OpenCore 0.7.2とmacOS 11.5.1で動作確認している手元のマシンは以下です。また、kext類はKext Updaterを使って最新版に入れ替えてあります。
- ASUS Z390 ROG MAXIMUS XI HERO + 9900K + Radeon RX 580 + macOS Big Sur 11.5.1
- ASRock Z590 Extreme + 10900K + Radeon 5700XT + macOS Big Sur 11.5.1
.efiファイルを差し替える
更新するためには、今までと同様に、X64の方のフォルダの中身を、現用のファイルと入れ替えます。入れ替えるべきファイルは、いつもの通り以下です。
- EFI/BOOT/BOOTX64.efi
- EFI/OC/OpenCore.efi
- EFI/OC/Driversの中のうち、現在使用しているもの:手元のマシンでは、OpenCanopy.efiとOpenRuntime.efi
- EFI/OC/Toolsの中のうち、現在使用しているもの:手元のマシンでは、OpenShell.efi
ACPIとKextsは、OpenCoreの範疇では無いので変更不要です。
config.plistを更新する
現在のconfig.plistをconfig_old.plistと改名し、配布パッケージに入っているsample.plistをコピーして持ってきて、これをconfig.plistにしました。PlistEDPlusを使って、双方を開いて、古いconfig.plistの項目をコピーする方針で、新しいconfig.plistを作りました。

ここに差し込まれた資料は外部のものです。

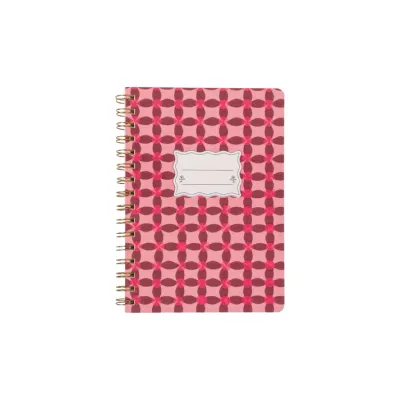 Tulip Twin Wire Small Notebook- Pinwheel Pink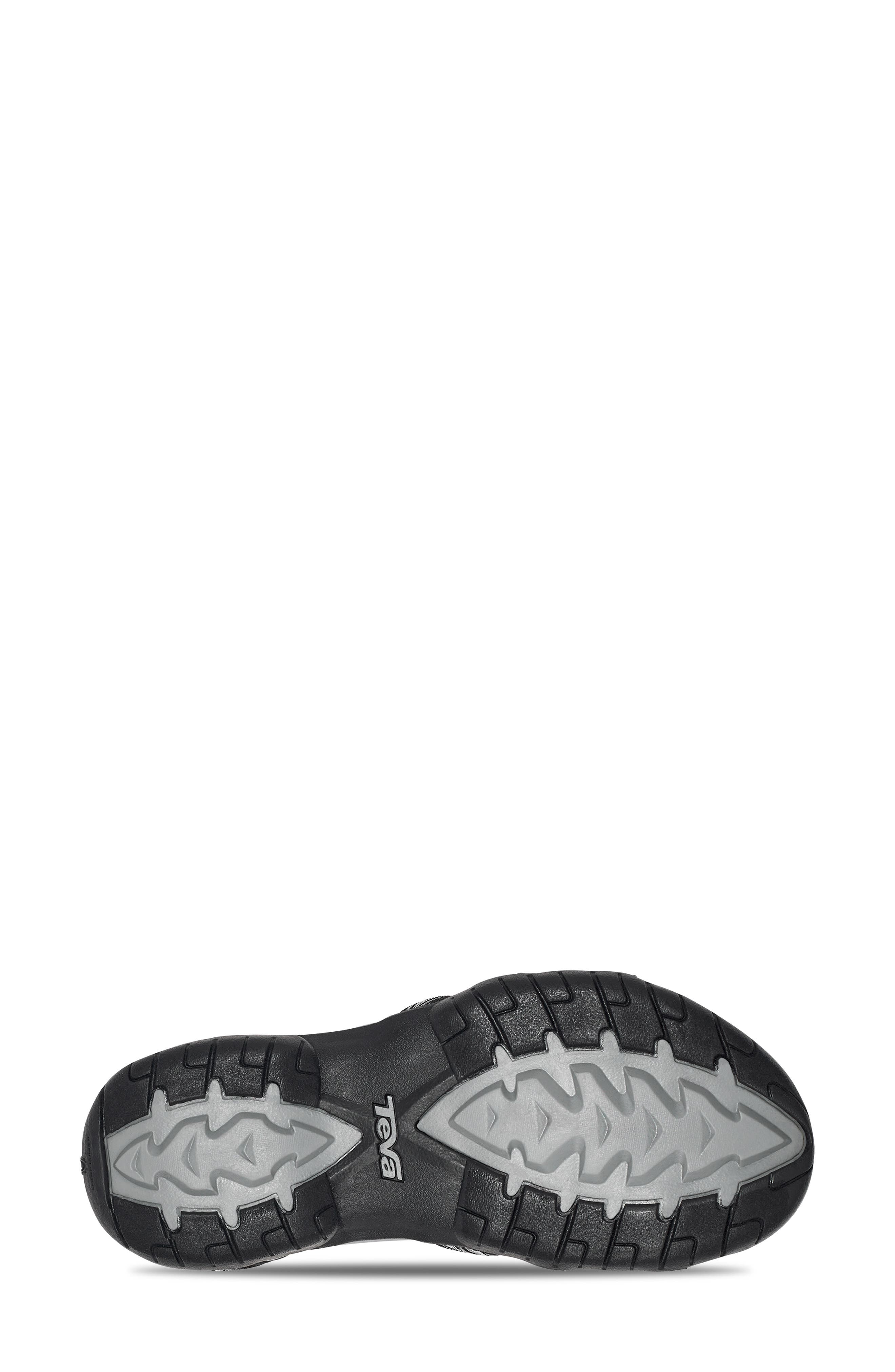 'Tirra' Sandal, Alternate, color, PALMS BLACK/ WHITE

config.plistで設定する項目の変更点は、以下の1箇所だけでした。
- UEFI/AppleInputにGraphicsInputMirroringという項目が追加されていました。非Apple製のグラフィックUEFIアプリケーションにキーストロークが伝わらないことを改善したようです。例えば、WindowsのBitLockerを使う場合に影響が出るそうです。デフォルト値はfalseですが、説明書によるとtrueが推奨値らしいです。Sample.plistでもtrueになってました。macOSを使う限りはfalseでも問題なさそうですが、とりあえず推奨値のtrueに設定しておきました。
これで、0.7.1から0.7.2に移行できました。
SecureBootModelの設定
設定できる値
Apple Secure Bootの機能では、macOSを動かすMacのモデルでは無効な設定や、動かないmacOSバージョンのインストールを防ぐ働きをするようです。config.plistのMisc, Securityの中の SecureBootModelで、Macのモデル名の設定をします。ここで設定できる値は、OpenCoreのマニュアルによると以下です。
- Default — Recent available model, currently set to x86legacy.
- Disabled — No model, Secure Boot will be disabled.
- j137 — iMacPro1,1 (December 2017). Minimum macOS 10.13.2 (17C2111)
- j680 — MacBookPro15,1 (July 2018). Minimum macOS 10.13.6 (17G2112)
- j132 — MacBookPro15,2 (July 2018). Minimum macOS 10.13.6 (17G2112)
- j174 — Macmini8,1 (October 2018). Minimum macOS 10.14 (18A2063)
- j140k — MacBookAir8,1 (October 2018). Minimum macOS 10.14.1 (18B2084)
- j780 — MacBookPro15,3 (May 2019). Minimum macOS 10.14.5 (18F132)
- j213 — MacBookPro15,4 (July 2019). Minimum macOS 10.14.5 (18F2058)
- j140a — MacBookAir8,2 (July 2019). Minimum macOS 10.14.5 (18F2058)
- j152f — MacBookPro16,1 (November 2019). Minimum macOS 10.15.1 (19B2093)
- j160 — MacPro7,1 (December 2019). Minimum macOS 10.15.1 (19B88)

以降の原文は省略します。